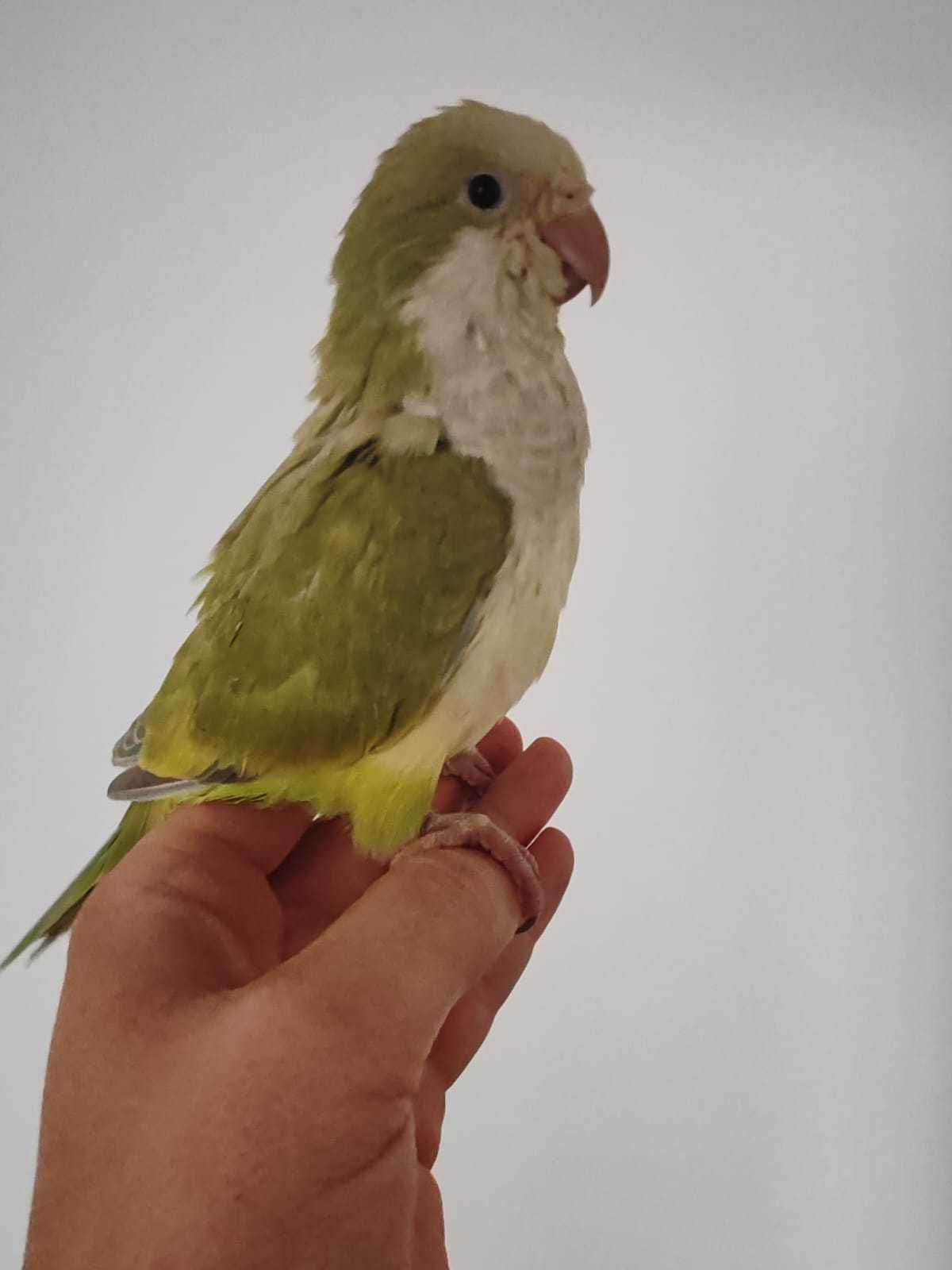 Papagali Calugar/Quaker parrot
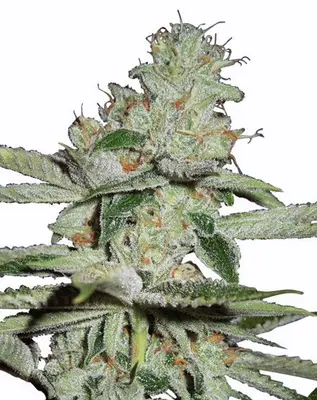 Auto Pineapple Kush cannabis seeds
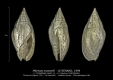 GA202-12 Mitreola maxwelli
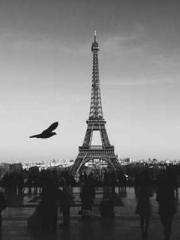 Becoming a Farm Girl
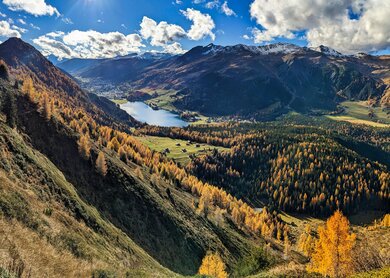 Schöne Herbstwanderung über dem Davosersee. Farbige Lärchenwälder. Bergpanorama in Davos Klosters Mountains.  | © Gettyimages.com/ganztwins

How to complete this task
Find the line containing "Becoming a Farm Girl" in the listing above. Please restate word for word that line through the last one, leaving out the pictures.

Exercise response
 Becoming a Farm Girl
 Schöne Herbstwanderung über dem Davosersee. Farbige Lärchenwälder. Bergpanorama in Davos Klosters Mountains.  | © Gettyimages.com/ganztwins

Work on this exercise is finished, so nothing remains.